Hace unos días subí a un autobús atestado de gente. En un momento dado, una muchacha que se disponía a bajar en la parada próxima se dirigió en estos términos a un señor que bloqueaba la puerta:

—¿Me permite pasar, porfi?

A lo que el hombre reaccionó con lo que me pareció un mal gesto:

—¿Es que no sabes pedir las cosas por favor?

—Acabo de hacerlo —se defendió ella.

—¡Porfi no es por favor! Pretendes que lo parezca, pero no, no lo es. Y todo para ahorrarte una puñetera sílaba.

Entonces terció una señora que se acreditó como experta en semiótica y seguidora de Edward Sapir:

—La joven tiene toda la razón, caballero. La lengua evoluciona con el uso y debemos admitir…

—¡Ah, no, eso sí que no! —protestó un tipo con pinta de ser de la escuela de Corominas—. ¡Con esas declinaciones arbitrarias, la etimología como ciencia se va a la mierda!

Muy pronto, los viajeros se dividieron en porfistas y antiporfistas. Dos de ellos llegaron a las manos. Viendo que el ambiente se caldeaba, opté por apearme, pero estaba tan nervioso que, al poner el pie en el estribo, me flaqueó el tobillo, caí de bruces sobre la acera y tuvieron que ponerme seis puntos de sutura en la frente.

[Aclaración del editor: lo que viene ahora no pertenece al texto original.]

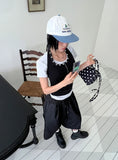 (2-WAY) DOT SQUARE BAG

Dos días después, en el mismo autobús, escuché a un joven que le preguntaba a su compañero:

—¿Qué vas a hacer el finde?

Espantado, corrí hacia la salida, volví a tropezar y a caerme, y los seis puntos de la frente se convirtieron en doce. Mientras me ponía la nueva tanda, la enfermera me amonestó:

—Ya no tienes edad para andar dando saltitos, ¿te das cuen?

Sí, en efecto, estoy haciéndome mayor a pasos agigantados.